◆ EXERCISE DETAILS ◆
The required output is the complete listing, copied word for word.

◆ DATA FOR REVIEW ◆
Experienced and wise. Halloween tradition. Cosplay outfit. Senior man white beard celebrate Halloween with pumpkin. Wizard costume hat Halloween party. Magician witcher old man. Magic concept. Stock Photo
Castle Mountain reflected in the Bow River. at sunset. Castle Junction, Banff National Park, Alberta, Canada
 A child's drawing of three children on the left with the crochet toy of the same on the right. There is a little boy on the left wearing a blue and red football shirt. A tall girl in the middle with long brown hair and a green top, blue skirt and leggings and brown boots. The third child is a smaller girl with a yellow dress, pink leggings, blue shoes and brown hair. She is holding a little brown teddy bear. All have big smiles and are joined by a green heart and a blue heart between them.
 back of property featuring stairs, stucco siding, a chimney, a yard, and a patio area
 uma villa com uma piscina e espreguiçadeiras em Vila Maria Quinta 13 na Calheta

◆ YOUR SOLUTION ◆
Experienced and wise. Halloween tradition. Cosplay outfit. Senior man white beard celebrate Halloween with pumpkin. Wizard costume hat Halloween party. Magician witcher old man. Magic concept. Stock Photo
Castle Mountain reflected in the Bow River. at sunset. Castle Junction, Banff National Park, Alberta, Canada
 A child's drawing of three children on the left with the crochet toy of the same on the right. There is a little boy on the left wearing a blue and red football shirt. A tall girl in the middle with long brown hair and a green top, blue skirt and leggings and brown boots. The third child is a smaller girl with a yellow dress, pink leggings, blue shoes and brown hair. She is holding a little brown teddy bear. All have big smiles and are joined by a green heart and a blue heart between them.
 back of property featuring stairs, stucco siding, a chimney, a yard, and a patio area
 uma villa com uma piscina e espreguiçadeiras em Vila Maria Quinta 13 na Calheta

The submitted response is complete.